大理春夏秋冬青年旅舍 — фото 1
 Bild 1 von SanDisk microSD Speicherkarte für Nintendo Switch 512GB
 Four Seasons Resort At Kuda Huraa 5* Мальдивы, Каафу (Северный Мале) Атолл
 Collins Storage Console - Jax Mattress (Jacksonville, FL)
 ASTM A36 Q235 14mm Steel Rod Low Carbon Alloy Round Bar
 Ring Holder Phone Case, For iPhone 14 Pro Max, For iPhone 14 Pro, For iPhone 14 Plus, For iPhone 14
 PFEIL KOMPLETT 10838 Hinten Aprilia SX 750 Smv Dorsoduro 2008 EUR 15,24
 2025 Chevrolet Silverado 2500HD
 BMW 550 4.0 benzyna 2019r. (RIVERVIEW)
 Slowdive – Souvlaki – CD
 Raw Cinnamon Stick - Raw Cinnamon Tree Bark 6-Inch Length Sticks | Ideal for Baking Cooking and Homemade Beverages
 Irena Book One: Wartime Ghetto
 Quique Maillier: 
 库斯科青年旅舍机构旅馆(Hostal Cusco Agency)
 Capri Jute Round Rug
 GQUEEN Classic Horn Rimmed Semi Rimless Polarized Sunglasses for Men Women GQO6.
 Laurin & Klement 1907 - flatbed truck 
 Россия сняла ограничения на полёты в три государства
━━━━━━━━━━━━━━━━━━━━
Problem details:
Your reply should be only the number of lines in the preceding data that include the word "Round".

Solution for this exercise:
2